Your objective: Would you please return the data below verbatim, without its pictures?

Data segment:
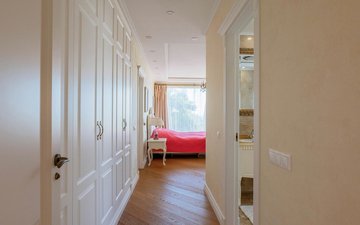 Property slide 20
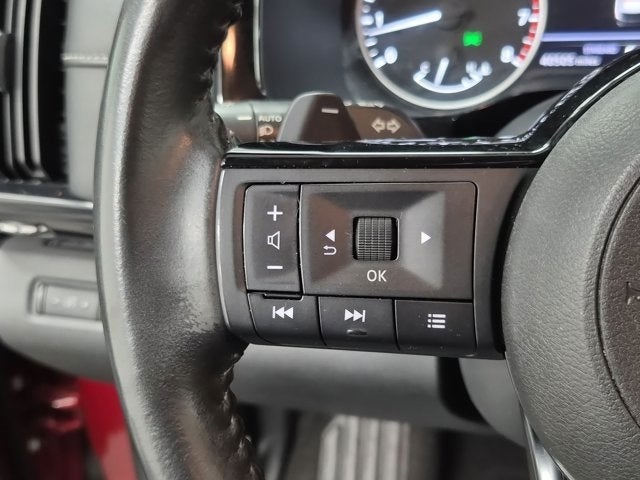 2022 Nissan Pathfinder SV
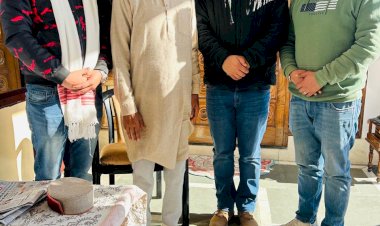 भाजयुमो शिमला के जिलाध्यक्ष ने पदाधिकारियों सहित प्रो. प्रेम कुमार धूमल से की शिष्टाचार भेंट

Reply to the exercise:
 Property slide 20
 2022 Nissan Pathfinder SV
 भाजयुमो शिमला के जिलाध्यक्ष ने पदाधिकारियों सहित प्रो. प्रेम कुमार धूमल से की शिष्टाचार भेंट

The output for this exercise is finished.